Image-caption web data
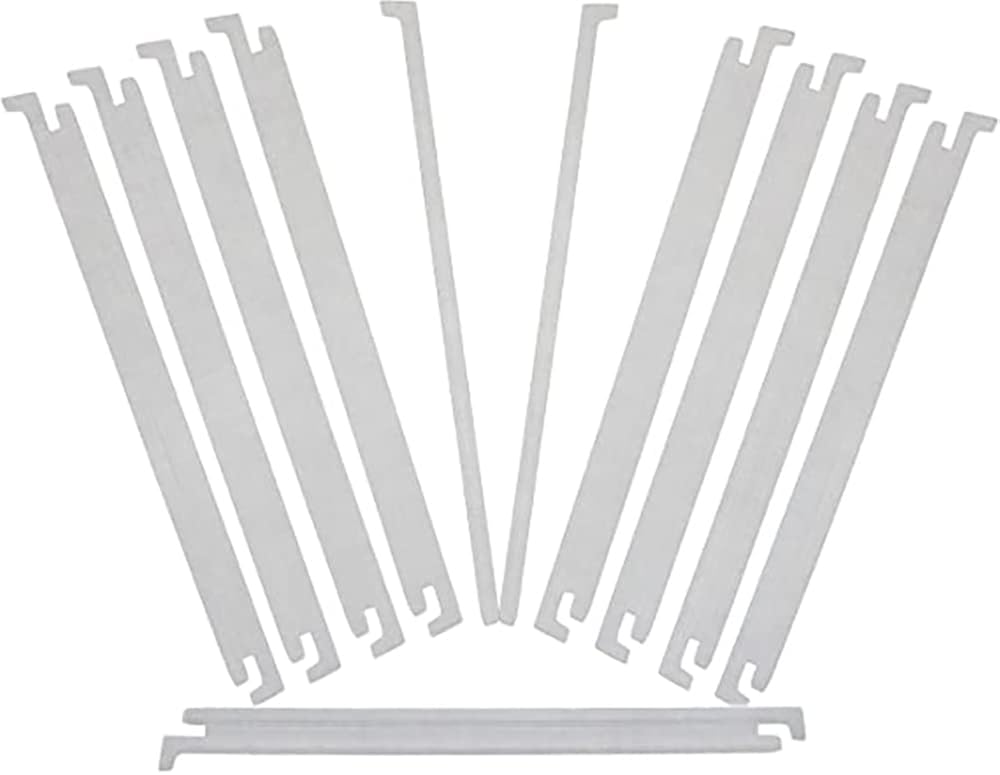 Million Dollar Collar Permanece de solapa original se mantiene cosido en la camisa de vestir Blanco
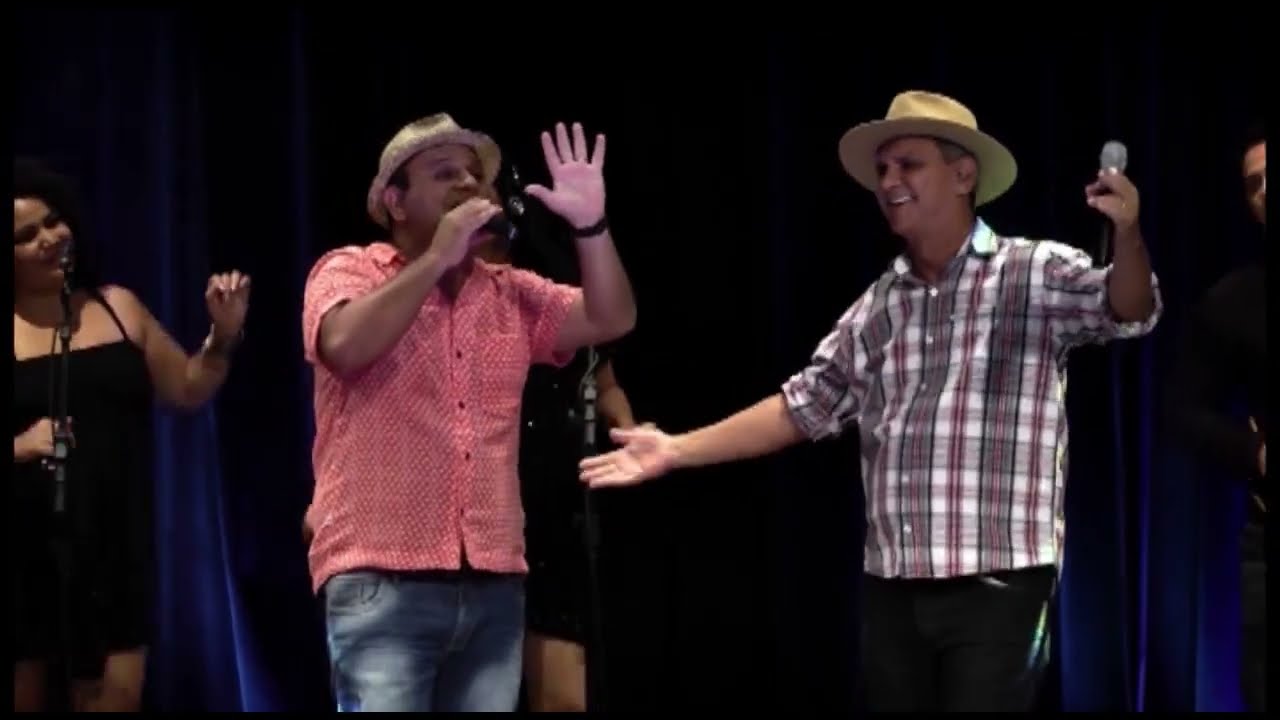 C&eacute;sar Amaral & Petr&uacute;cio Amorim - No sangue e no suor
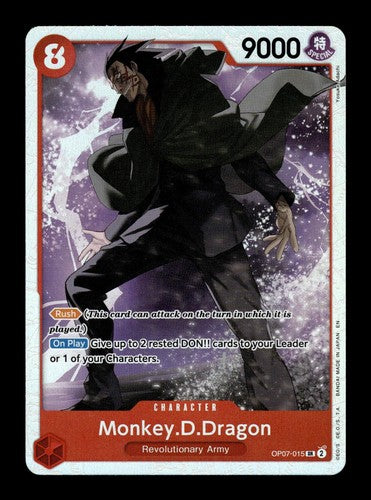 Monkey.D.Dragon (015) OP07-015 500 Years in the Future
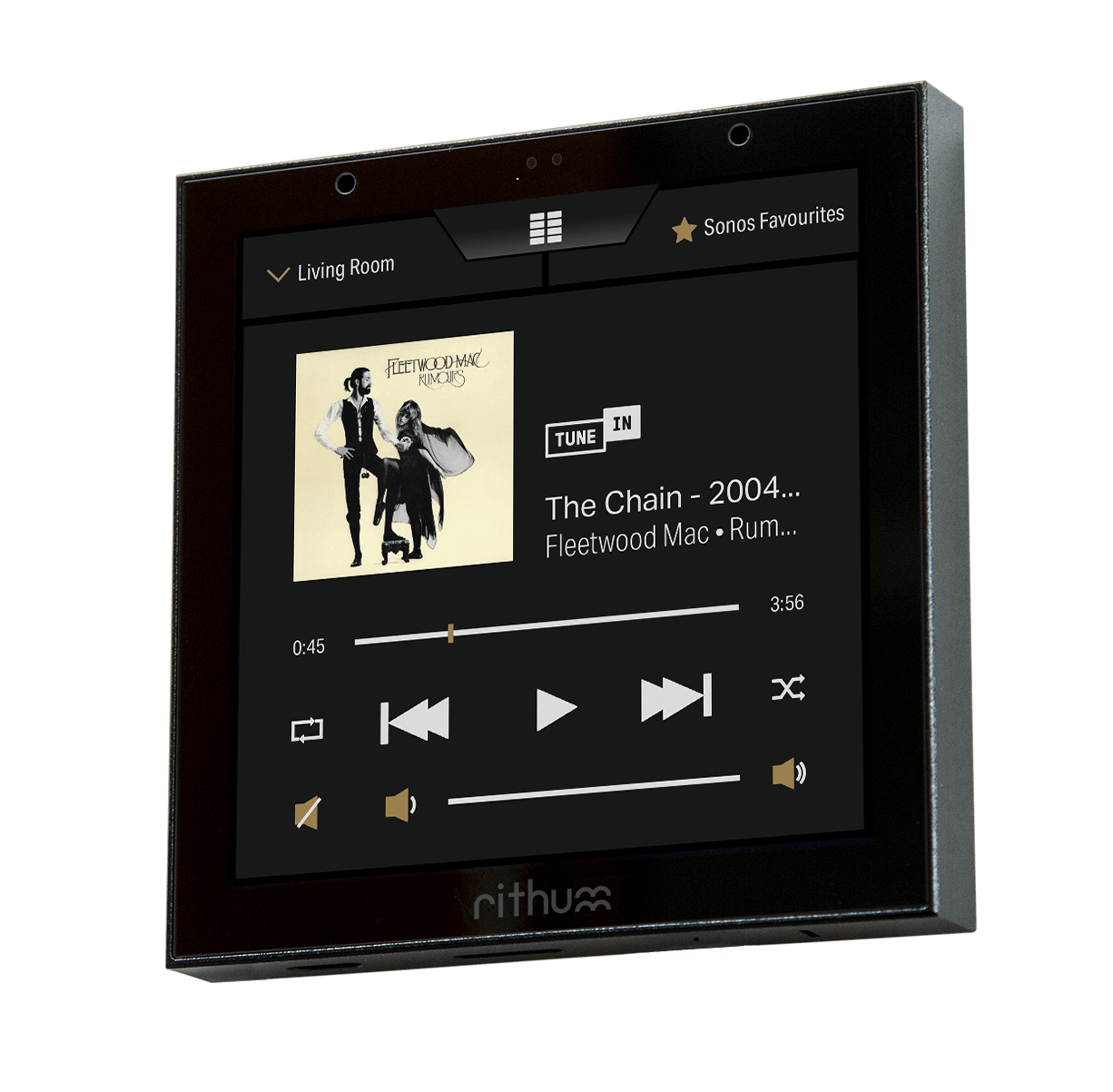Rithum Sonos Touch Screen Control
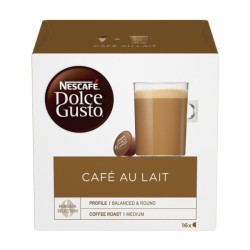 Kávové kapsule DOLCE GUSTO Café Au Lait (16 ks) Kávové kapsule DOLCE GUSTO Café Au Lait (16 ks)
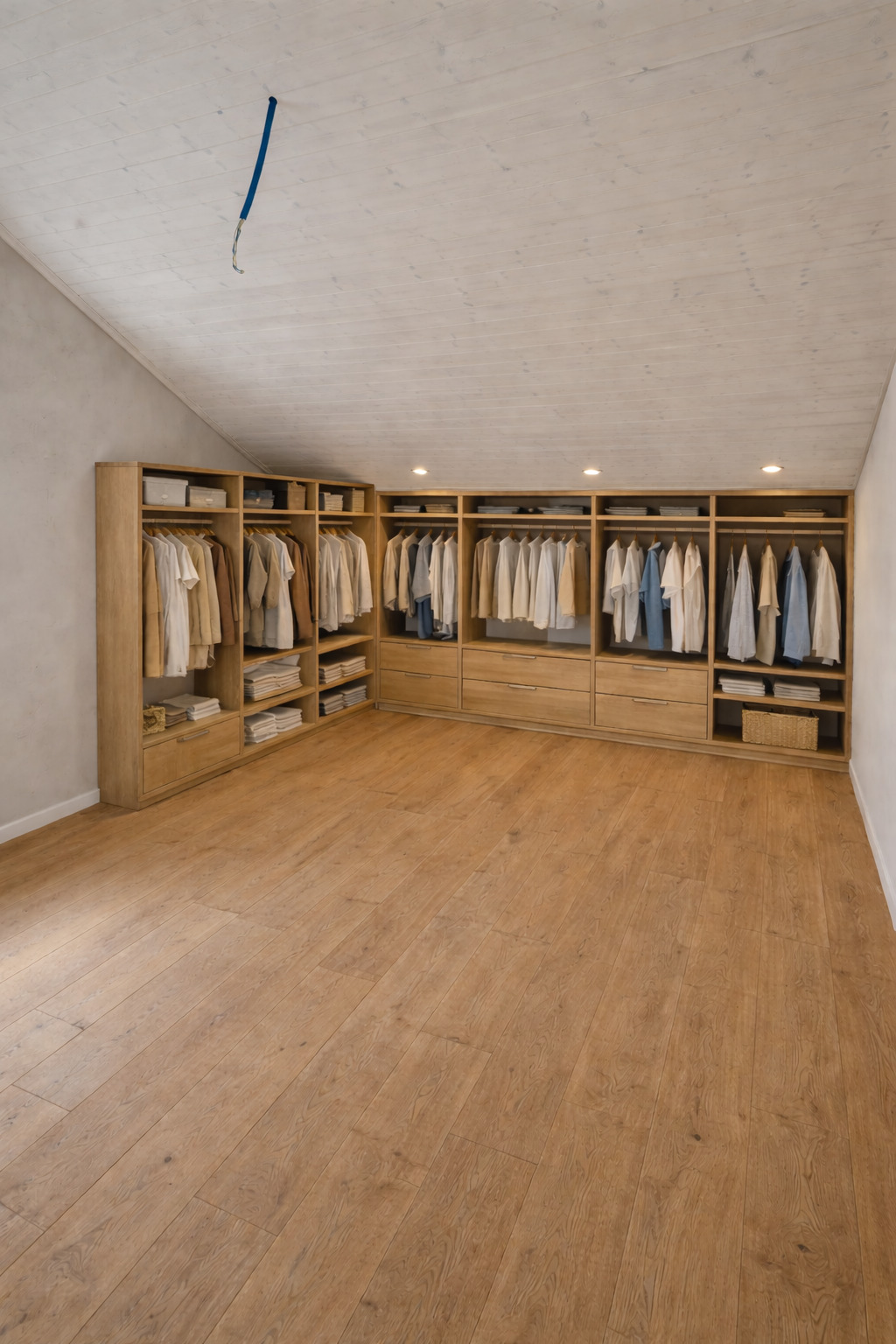 Crissier | Maison Jumelle F1 | Dressing combles 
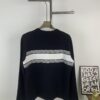 6931a06dccd8ab3d7af94380 New Dior DIOR 2024 Latest Jacquard Knit Long Sleeve Sweater Unisex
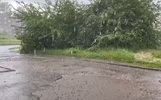 В Ярославле выпал град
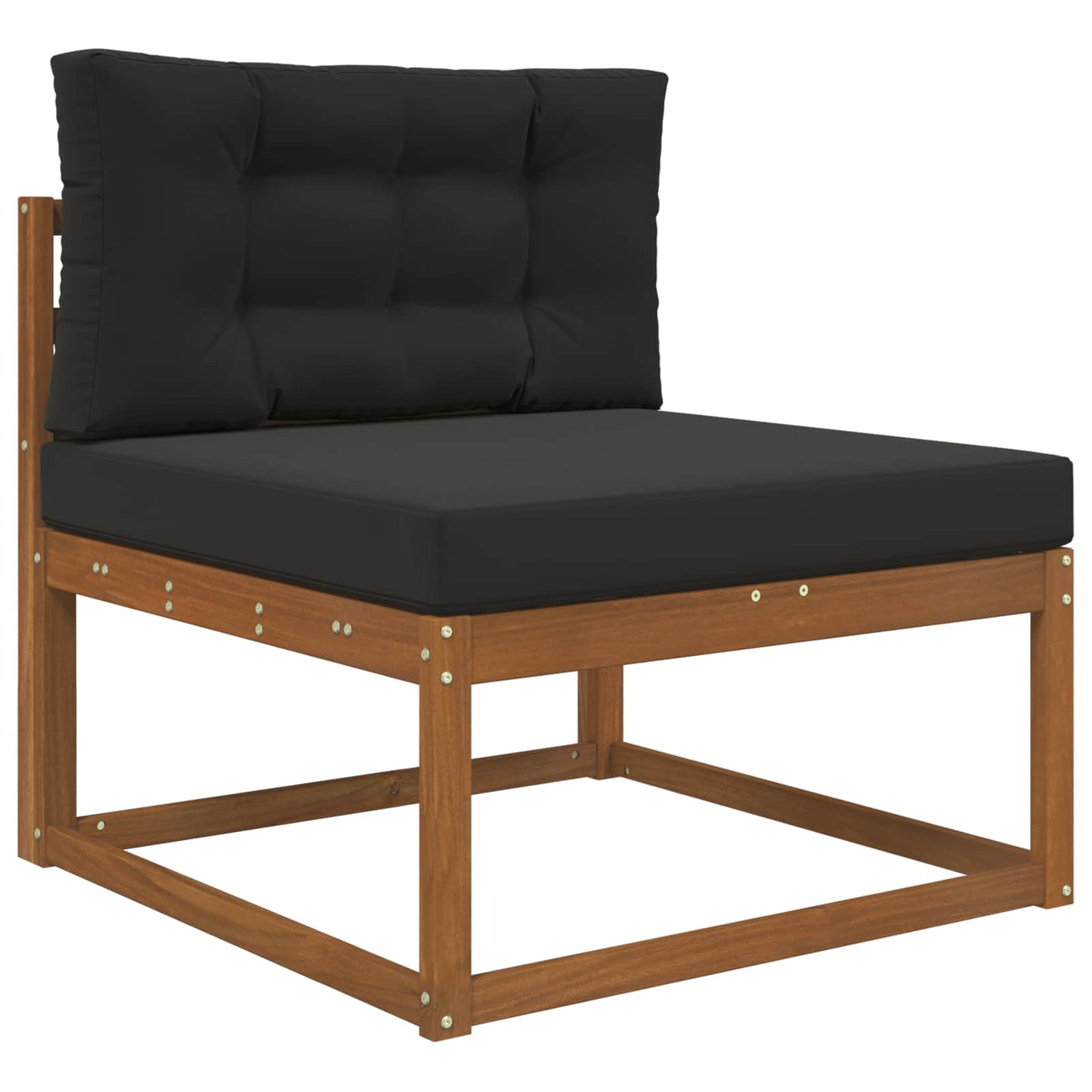 Udendørs Sofa Pude 2 Dele Polyester - Billede 3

Work order:
Only lines belong in the copy: transcribe those from the start of the data through the line that contains "Rithum Sonos Touch Screen Control", and skip the pictures.

Solution to this problem:
 Million Dollar Collar Permanece de solapa original se mantiene cosido en la camisa de vestir Blanco
 C&eacute;sar Amaral & Petr&uacute;cio Amorim - No sangue e no suor
 Monkey.D.Dragon (015) OP07-015 500 Years in the Future
Rithum Sonos Touch Screen Control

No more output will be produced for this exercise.